In the case of the Guugu Yimidhirr, it was Cook who proved their salvation, albeit indirectly. A German translation of Cook’s voyages inspired a young Bavarian, Johann Flierl, to set off in the 1880s “as a missionary to the most distant heathen land with its still quite untouched peoples.” He created a Lutheran mission near Cooktown that became a refuge for Aborigines. Flierl named the mission Elim, after an oasis the Israelites found during their exodus from Egypt. As oases went, Queensland’s Elim wasn’t much: a sandy, infertile patch north of Cooktown. But it grew into a stable community, and its school educated scores of Aborigines, some of whom became nationally prominent.
One such success story was Eric Deeral, who served in the 1970s as the first Aboriginal representative in Queensland’s parliament. I tracked him down late one afternoon at his daughter’s modest bungalow a few blocks from Cooktown’s main street. A small, very dark-skinned man, he met my knock at the door with a wary expression and a curt “May I help you?” When I burbled about my travels, his face widened into a welcoming smile. “Come in, come in, I love talking about Cook!” After several days of conversing about little except “ferals,” rooting crocodiles, and rugby league, it was a relief to find someone who shared my passion for the navigator.

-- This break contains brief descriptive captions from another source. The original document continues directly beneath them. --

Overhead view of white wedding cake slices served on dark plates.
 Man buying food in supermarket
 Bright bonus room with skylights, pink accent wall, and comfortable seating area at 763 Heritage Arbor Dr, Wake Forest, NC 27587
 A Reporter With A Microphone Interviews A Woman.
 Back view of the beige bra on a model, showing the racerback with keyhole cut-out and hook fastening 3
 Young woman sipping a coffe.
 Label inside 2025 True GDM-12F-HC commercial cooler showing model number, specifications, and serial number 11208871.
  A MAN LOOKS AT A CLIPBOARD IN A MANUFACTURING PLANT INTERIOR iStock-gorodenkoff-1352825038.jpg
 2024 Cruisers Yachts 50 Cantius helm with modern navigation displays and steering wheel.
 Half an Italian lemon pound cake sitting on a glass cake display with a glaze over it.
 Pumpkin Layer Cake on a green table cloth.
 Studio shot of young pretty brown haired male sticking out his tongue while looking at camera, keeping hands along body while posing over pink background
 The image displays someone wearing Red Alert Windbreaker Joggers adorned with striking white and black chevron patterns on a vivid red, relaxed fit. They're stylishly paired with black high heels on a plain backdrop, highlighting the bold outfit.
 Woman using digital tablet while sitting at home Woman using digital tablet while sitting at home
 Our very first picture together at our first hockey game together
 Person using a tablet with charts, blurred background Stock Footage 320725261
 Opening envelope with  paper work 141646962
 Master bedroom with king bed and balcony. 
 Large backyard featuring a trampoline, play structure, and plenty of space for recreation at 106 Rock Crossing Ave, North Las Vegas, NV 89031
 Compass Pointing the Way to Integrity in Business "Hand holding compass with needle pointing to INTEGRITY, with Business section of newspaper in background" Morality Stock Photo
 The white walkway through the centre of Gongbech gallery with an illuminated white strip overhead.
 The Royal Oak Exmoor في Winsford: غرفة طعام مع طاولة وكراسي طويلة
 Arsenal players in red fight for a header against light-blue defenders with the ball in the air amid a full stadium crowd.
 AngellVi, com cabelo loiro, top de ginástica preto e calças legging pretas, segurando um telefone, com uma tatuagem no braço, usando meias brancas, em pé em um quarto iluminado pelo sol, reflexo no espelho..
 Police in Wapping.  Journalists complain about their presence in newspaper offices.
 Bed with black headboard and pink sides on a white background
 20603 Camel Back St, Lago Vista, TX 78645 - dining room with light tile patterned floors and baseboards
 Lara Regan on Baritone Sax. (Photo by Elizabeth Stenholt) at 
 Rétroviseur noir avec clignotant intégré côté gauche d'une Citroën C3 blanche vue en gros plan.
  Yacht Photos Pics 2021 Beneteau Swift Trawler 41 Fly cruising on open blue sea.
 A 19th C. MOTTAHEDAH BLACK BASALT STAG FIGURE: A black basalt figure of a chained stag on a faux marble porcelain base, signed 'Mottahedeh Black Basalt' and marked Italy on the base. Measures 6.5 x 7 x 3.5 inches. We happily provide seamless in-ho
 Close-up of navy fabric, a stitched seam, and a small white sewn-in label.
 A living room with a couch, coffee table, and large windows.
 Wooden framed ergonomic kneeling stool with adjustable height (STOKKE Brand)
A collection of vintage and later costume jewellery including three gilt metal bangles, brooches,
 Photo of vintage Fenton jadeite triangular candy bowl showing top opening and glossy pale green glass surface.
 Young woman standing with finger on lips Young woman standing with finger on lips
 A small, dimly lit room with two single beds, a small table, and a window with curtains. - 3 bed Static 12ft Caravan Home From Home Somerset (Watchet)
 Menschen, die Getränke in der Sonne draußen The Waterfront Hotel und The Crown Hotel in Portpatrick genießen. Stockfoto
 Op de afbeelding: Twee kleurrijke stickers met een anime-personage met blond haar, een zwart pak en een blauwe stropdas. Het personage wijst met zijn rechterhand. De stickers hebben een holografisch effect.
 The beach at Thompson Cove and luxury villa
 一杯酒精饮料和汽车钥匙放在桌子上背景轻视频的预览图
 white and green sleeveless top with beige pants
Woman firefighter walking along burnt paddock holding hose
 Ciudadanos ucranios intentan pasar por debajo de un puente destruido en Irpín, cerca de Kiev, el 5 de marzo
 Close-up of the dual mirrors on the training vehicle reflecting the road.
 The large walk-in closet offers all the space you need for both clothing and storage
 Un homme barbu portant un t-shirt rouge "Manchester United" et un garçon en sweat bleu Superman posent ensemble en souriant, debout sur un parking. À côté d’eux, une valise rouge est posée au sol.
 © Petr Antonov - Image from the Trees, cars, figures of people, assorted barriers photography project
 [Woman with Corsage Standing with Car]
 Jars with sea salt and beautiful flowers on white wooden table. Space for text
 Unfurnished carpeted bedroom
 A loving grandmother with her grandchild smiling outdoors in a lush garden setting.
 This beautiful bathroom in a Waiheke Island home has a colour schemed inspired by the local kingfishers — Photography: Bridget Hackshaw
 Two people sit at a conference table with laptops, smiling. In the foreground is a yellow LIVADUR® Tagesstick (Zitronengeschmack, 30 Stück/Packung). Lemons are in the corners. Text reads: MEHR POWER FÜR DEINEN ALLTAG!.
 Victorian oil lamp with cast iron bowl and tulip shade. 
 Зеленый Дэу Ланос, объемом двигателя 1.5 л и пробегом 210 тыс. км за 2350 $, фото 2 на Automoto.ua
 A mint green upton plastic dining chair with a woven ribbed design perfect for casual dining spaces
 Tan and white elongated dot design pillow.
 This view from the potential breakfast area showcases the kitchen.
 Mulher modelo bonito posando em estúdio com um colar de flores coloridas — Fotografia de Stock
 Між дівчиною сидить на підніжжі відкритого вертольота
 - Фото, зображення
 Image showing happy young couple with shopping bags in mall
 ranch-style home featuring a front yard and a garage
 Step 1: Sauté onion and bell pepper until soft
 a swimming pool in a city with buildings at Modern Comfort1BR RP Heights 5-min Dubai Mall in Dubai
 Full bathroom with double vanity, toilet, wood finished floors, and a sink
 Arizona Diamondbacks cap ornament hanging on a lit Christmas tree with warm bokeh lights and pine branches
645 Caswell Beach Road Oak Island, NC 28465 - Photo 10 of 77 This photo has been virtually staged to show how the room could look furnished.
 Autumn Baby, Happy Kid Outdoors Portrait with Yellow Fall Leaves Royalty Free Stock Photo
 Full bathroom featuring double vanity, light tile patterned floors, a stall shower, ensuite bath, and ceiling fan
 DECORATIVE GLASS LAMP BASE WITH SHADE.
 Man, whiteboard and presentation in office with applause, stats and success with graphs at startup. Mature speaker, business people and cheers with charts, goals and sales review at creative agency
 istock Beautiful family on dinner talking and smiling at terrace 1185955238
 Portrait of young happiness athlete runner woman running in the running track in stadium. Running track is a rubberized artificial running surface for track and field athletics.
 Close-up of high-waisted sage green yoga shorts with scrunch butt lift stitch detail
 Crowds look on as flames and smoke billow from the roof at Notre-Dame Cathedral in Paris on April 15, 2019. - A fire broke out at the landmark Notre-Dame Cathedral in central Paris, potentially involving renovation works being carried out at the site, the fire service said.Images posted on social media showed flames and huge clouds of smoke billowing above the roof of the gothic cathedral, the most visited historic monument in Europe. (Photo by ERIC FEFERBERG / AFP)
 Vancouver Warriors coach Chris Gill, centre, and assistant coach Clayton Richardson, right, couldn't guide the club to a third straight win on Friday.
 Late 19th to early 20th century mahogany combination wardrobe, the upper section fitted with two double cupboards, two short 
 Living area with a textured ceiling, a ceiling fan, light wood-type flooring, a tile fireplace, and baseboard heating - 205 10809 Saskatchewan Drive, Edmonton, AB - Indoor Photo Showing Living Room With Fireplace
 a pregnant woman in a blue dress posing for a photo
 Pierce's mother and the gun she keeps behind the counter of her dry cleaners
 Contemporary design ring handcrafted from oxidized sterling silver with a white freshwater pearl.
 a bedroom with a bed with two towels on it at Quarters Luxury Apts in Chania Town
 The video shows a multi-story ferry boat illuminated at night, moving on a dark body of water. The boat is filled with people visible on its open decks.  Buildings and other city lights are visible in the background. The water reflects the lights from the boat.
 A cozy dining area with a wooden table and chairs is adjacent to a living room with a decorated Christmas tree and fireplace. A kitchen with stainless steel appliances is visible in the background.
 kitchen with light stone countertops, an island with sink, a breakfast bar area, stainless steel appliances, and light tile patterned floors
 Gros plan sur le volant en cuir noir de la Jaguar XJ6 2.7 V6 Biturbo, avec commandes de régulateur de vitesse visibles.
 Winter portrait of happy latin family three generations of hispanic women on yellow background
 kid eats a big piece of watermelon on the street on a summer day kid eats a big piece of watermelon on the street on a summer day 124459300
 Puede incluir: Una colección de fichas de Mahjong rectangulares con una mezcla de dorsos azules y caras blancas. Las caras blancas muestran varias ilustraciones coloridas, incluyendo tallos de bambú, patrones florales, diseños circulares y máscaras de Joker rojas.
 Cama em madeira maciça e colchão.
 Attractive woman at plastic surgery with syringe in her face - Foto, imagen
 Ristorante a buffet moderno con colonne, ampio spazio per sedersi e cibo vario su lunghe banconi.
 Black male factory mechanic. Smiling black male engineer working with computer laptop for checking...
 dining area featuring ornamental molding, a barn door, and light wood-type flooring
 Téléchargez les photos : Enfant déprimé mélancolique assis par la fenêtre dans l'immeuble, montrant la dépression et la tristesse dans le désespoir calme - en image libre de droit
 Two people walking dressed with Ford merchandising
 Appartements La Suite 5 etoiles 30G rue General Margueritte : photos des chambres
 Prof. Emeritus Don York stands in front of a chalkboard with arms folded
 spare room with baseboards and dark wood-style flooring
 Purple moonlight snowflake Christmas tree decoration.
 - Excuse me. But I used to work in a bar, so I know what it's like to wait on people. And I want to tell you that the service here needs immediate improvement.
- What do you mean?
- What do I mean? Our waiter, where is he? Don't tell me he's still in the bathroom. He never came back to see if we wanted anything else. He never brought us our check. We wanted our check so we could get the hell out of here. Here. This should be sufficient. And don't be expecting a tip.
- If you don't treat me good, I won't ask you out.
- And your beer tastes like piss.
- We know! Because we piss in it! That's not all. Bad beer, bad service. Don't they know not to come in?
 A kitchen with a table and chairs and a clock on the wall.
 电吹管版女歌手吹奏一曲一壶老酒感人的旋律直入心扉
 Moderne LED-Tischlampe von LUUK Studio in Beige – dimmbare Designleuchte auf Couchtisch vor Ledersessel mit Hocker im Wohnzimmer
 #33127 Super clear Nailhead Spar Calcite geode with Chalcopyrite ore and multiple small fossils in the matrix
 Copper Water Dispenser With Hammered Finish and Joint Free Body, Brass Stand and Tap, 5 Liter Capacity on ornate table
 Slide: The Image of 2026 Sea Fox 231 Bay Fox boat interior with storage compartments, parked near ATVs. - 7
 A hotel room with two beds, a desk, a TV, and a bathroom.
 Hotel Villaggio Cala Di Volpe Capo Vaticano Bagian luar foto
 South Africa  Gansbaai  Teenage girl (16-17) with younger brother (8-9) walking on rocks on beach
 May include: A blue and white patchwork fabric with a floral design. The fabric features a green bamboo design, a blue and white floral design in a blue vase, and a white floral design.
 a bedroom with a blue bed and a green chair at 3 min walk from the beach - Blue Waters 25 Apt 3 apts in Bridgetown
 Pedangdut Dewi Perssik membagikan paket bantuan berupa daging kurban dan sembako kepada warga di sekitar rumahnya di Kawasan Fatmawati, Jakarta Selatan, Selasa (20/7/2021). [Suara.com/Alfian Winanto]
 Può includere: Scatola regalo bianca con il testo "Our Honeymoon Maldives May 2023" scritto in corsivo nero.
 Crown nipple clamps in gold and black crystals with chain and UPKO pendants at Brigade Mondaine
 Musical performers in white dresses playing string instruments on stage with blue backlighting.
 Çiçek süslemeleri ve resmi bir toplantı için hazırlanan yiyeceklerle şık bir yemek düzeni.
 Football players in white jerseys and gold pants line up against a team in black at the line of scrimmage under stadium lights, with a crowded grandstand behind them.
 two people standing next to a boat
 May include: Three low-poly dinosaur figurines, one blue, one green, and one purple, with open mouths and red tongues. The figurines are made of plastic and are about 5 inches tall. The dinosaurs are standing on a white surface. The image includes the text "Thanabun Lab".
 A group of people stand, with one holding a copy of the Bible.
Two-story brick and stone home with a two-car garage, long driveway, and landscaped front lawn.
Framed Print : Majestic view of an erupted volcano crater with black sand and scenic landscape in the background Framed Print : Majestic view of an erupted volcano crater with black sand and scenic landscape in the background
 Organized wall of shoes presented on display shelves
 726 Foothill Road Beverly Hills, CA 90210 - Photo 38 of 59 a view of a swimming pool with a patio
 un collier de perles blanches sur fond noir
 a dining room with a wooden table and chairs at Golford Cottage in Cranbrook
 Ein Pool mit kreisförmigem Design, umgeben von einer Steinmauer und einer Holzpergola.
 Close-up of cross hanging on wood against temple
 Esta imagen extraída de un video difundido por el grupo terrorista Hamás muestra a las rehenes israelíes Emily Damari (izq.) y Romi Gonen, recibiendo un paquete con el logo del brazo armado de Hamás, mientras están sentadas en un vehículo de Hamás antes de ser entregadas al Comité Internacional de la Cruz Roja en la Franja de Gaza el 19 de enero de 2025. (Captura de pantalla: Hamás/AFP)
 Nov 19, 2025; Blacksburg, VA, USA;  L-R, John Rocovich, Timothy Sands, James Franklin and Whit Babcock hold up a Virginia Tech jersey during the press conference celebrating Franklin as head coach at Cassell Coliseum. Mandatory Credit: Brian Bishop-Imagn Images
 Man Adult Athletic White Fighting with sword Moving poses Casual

Eric showed me into a small office he kept at the front of the bungalow. The bookshelf included several volumes about Cook. Like Johann Flierl, Eric had been fascinated since childhood by the image of first contact between Europeans and native peoples untouched by the West. He’d quizzed Aboriginal elders about stories they’d heard of Cook and his men. “At first, our people thought they were overgrown babies,” he said. Aboriginal newborns, Eric explained, are often much paler than adults. But once the Guugu Yimidhirr saw the newcomers’ power, particularly the noise and smoke from their guns, they came to believe the strangers were white spirits, or ghosts of deceased Aborigines. “Lucky for Cook, white spirits are viewed as benign,” Eric said. “If they’d been seen as dark spirits, my ancestors probably would have speared them.”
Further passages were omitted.